Finding existing research datasets (secondary data)

There are numerous discipline-specific and institutional data repositories / archives holding research datasets across a wide range of disciplines and this number is growing rapidly. If data-sharing has been usual practice within your discipline you are likely to be aware of the relevant repositories, and how to search them. If data sharing is a growing field within your discipline you may be more likely to find data through general data searches or through identifying relevant repositories. 

You can search for existing research data within discipline-specific data archives / repositories if you are aware of those that tend to archive data within your discipline. You can also find relevant archives using the Registry of Research Data Repositories (re3data), which maintains a list of archives, along with properties such as their subject and content type specialisms.
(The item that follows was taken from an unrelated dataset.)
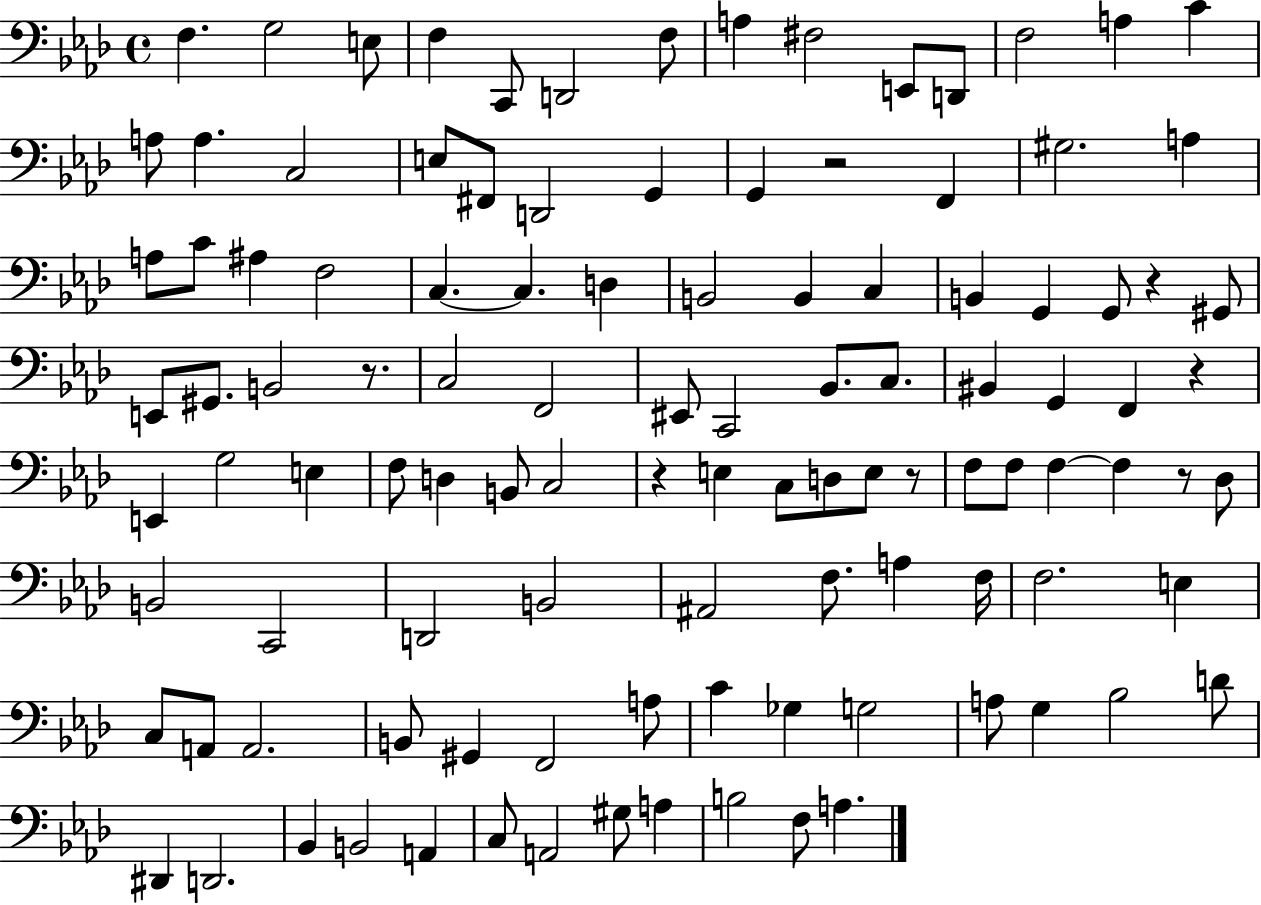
F3/q. G3/h E3/e F3/q C2/e D2/h F3/e A3/q F#3/h E2/e D2/e F3/h A3/q C4/q A3/e A3/q. C3/h E3/e F#2/e D2/h G2/q G2/q R/h F2/q G#3/h. A3/q A3/e C4/e A#3/q F3/h C3/q. C3/q. D3/q B2/h B2/q C3/q B2/q G2/q G2/e R/q G#2/e E2/e G#2/e. B2/h R/e. C3/h F2/h EIS2/e C2/h Bb2/e. C3/e. BIS2/q G2/q F2/q R/q E2/q G3/h E3/q F3/e D3/q B2/e C3/h R/q E3/q C3/e D3/e E3/e R/e F3/e F3/e F3/q F3/q R/e Db3/e B2/h C2/h D2/h B2/h A#2/h F3/e. A3/q F3/s F3/h. E3/q C3/e A2/e A2/h. B2/e G#2/q F2/h A3/e C4/q Gb3/q G3/h A3/e G3/q Bb3/h D4/e D#2/q D2/h. Bb2/q B2/h A2/q C3/e A2/h G#3/e A3/q B3/h F3/e A3/q.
The easiest way to search re3data is by using the 'browse' option which allows you to browse for data repositories / archives by subject or discipline.

You can also contact your Subject Librarian for advice on searching for data. 

 

  • The Economics subject pages have information on finding statistics and financial and banking data.
  • The Health subject pages have information on finding data and statistics for health research.
  • The POLIS subject pages have information on finding statistics and data related to politics, languages and international studies.
  • The Social & Policy Sciences subject pages have information on finding statistics and data related to social and policy sciences.

 

 

 

The Management subject pages have information on searching for data and statistics relating to management.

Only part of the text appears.